▸ Exercise prompt:
With the line containing "عطر ادکلن لویال" as the first line and the last line of the records as the final one, reproduce that range exactly.

-- Opening Marker --

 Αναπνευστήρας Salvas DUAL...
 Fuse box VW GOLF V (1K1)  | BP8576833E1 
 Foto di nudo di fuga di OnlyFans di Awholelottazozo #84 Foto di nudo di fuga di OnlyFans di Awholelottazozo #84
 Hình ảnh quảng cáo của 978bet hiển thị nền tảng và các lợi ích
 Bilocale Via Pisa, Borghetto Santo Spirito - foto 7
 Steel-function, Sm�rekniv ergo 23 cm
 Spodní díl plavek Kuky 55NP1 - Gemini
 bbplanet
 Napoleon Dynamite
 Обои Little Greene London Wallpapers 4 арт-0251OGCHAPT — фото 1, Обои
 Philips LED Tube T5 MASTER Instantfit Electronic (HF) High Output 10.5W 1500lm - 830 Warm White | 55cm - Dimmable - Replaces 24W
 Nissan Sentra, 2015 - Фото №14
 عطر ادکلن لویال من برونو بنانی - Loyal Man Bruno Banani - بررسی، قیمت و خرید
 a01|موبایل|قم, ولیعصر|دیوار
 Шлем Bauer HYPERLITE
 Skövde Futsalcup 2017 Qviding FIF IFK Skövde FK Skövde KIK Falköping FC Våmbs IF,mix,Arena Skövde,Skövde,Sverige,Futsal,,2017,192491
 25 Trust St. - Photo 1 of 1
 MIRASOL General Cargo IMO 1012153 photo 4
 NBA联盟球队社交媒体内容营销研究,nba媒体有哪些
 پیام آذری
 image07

-- Closing Marker --

▸ Output of the exercise:
 عطر ادکلن لویال من برونو بنانی - Loyal Man Bruno Banani - بررسی، قیمت و خرید
 a01|موبایل|قم, ولیعصر|دیوار
 Шлем Bauer HYPERLITE
 Skövde Futsalcup 2017 Qviding FIF IFK Skövde FK Skövde KIK Falköping FC Våmbs IF,mix,Arena Skövde,Skövde,Sverige,Futsal,,2017,192491
 25 Trust St. - Photo 1 of 1
 MIRASOL General Cargo IMO 1012153 photo 4
 NBA联盟球队社交媒体内容营销研究,nba媒体有哪些
 پیام آذری
 image07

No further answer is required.